If you're just looking for hard-to-round inputs, you can also enumerate the double precision space completely with some cleverness and modest patience.

Elkies [0] computes a piecewise linear approximation to his (number-theoretic) function of interest and does a lattice reduction on each piece to filter out the vast majority of the space. The same approach, works almost everywhere on all of the transcendental functions I've tried, and I believe the CRlibm group uses it.

[0] https://arxiv.org/pdf/math/0005139.pdf

Oooh, that's an interesting take.
Its unfortunate that they don't mention the prior work of the crlibm project in this domain.

https://gforge.inria.fr/scm/browser.php?group_id=5929&extra=...

Github mirror: https://github.com/taschini/crlibm

Python bindings: https://pypi.org/project/crlibm/

Julia bindings: https://juliapackages.com/p/crlibm

I'm a libc author and I want to use this. Then I clicked on the repository and there wasn't any code implementing these libm routines. Instead it just had tools and they told me I need to install a 6gb docker container to use them.
I love everything about this project, but I am fairly skeptical of their benchmarking. In particular, they use a _lot_ of polynomial intervals for some of these functions, it's easy to accidentally construct microbenchmarks that miss the cache effects that fall out of that (the full set of coefficients for one of these math functions can easily take up a substantial fraction of your L1; for some use cases that won't matter, for some other scenarios it will be catastrophic).

Historically, high-performance libm implementations have gone to great pains in their internal benchmarking projects to avoid accidentally ignoring these effects and shipping functions that are significantly slower in real use. None of this is to say that they have necessarily fallen into this trap, but historically most "fast" math function implementations that use piecewise polynomials with high segment counts do (and none of it should take away from the accomplishment--even if they're really 2x slower than claimed, they're fast enough for most code to simply use it unconditionally and get the portability benefits).

I know this is off topic, but the inconsistent use of "i.e." and "e.g." is particularly bad in this article. If you are not sure of the difference in your own writing, use "that is" in stead of "i.e." and use "for example" instead of "e.g."

Notice in this article, in the section entitled "What is the correct result of f(x)?" they say "e.g. ln(x)" in one case and "i.e. ln(x)" three sentences later. Well which is it? It is not just that I am a curmudgeon. Precision matters. When they say, for example, "Everyone uses math libraries (i.e. libm)" do they mean "Everyone uses the libm math library" or, more likely, "Everyone uses math libraries such as libm". Yes, the resolution in this case is fairly obvious, but I would get much more out of the article if I was not distracted by these slight inadvertent ambiguities and misuses.

The nemonic I was taught was "In Explanation" and "Example Given."
I always just think of them as “in effect” and “(for) example”, which is their direct expansion.

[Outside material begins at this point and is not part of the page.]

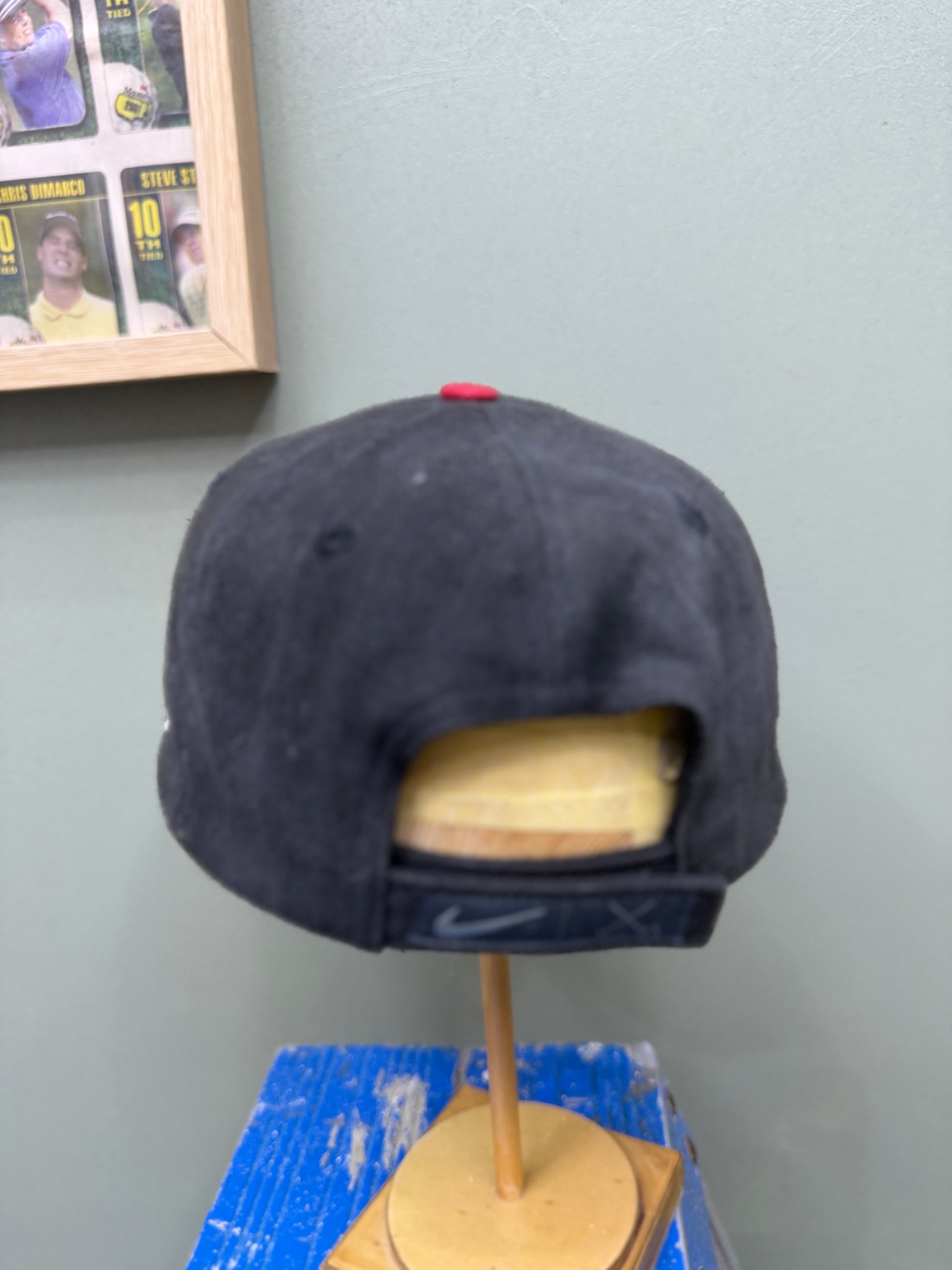 Nike TW metal swoosh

But that distinction makes sense to me because I use the phrase “in effect” in speech as well sometimes.

It hadn’t occurred to me that this is unusual - I suppose it is? I wonder if it’s a aus / US cultural difference? (I’m Australian) or maybe something I picked up years ago as a grad student?

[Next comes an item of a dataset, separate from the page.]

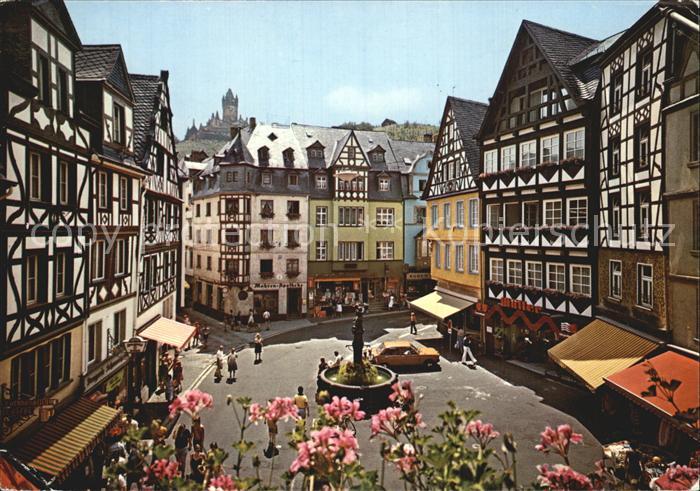Cochem Mosel Marktplatz mit St Martinsbrunnen Burg Cochem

I just think “egsample” and then i.e. must be the other one.
How does this compare with sleef[0], which also provides high performance (as well as vectorization), and implements all the same routines as rlibm (among others) with ≤1 ulp error?

0. https://sleef.org/

It will be a good bit slower. The difference between 1 ULP and .5 ULP is pretty big. Also the method of using a bunch of different polynomials won't vectorize especially well.